Tunisian freestyle wrestler

Marwa Al-Amri (مروى العامري, born 8 January 1989) is a Tunisian freestyle wrestler. She was born in Tunis. She represented Tunisia in the women's lightweight freestyle competition at the 2008, 2012, 2016 and 2020 Summer Olympics. She is the first woman from Africa win an Olympic medal in wrestling.

== Career ==
At the 2008 Olympics in the 55 kg category, she lost in the first round to Jackeline Rentería.

At the 2012 Olympics in the 55 kg category, she defeated Um Ji-Eun in the qualifications and was eliminated by Sofia Mattsson in the 1/8 finals.

She improved yet again at the 2016 Olympics, in the 58 kg category. Although she lost to Kaori Icho in the first round, she was entered into the repechage because Icho reached the final. In the repechage she beat Elif Jale Yeşilırmak, and then Yuliya Ratkevich in her bronze medal match.

In 2020, she won the gold medal in the women's freestyle 62 kg event at the African Wrestling Championships. She qualified at the 2021 African & Oceania Wrestling Olympic Qualification Tournament to represent Tunisia at the 2020 Summer Olympics in Tokyo, Japan. She competed in the women's freestyle 62 kg event.

She won the gold medal in her event at the 2022 African Wrestling Championships held in El Jadida, Morocco. A few months later, she also won the gold medal in the 62 kg event at the 2022 Mediterranean Games held in Oran, Algeria. She competed in the 62 kg event at the 2022 World Wrestling Championships held in Belgrade, Serbia.

She won the silver medal in the women's 62 kg event at the 2023 Dan Kolov & Nikola Petrov Tournament held in Sofia, Bulgaria.

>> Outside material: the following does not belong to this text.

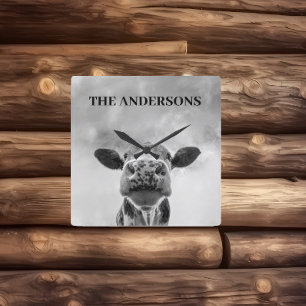 Gluren Koe Wolken Zwart Wit Vierkante Wandklok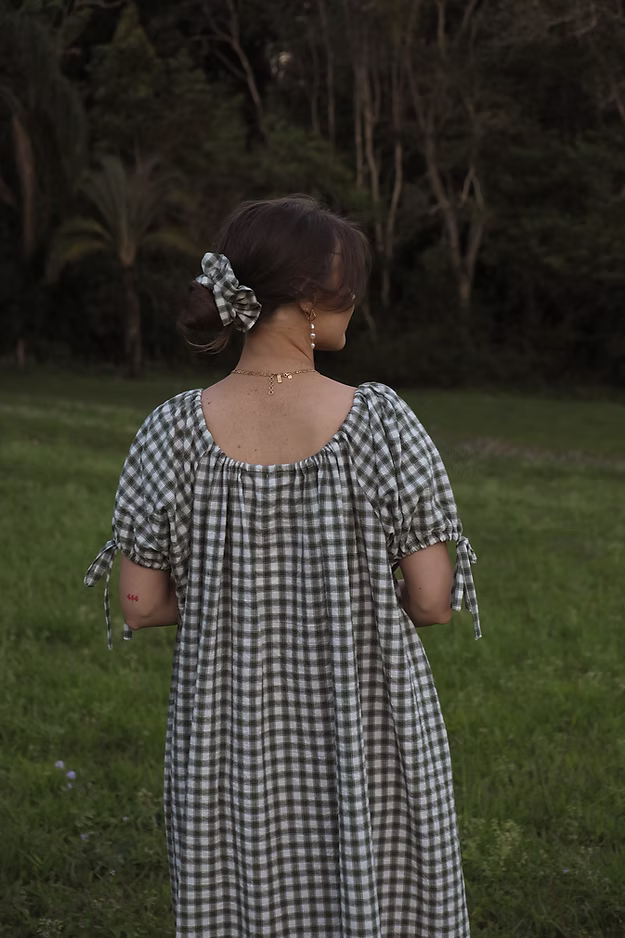 Mumma Maxi Dress - Forest Green Gingham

== Early life and education==
Amri is the oldest of four children. Her father died when she was nine. She took up wrestling when she was 11. Despite a lack of funding, facilities and female training partners, Amri persevered, attending World and African championships through government funding. She has a degree in physical education.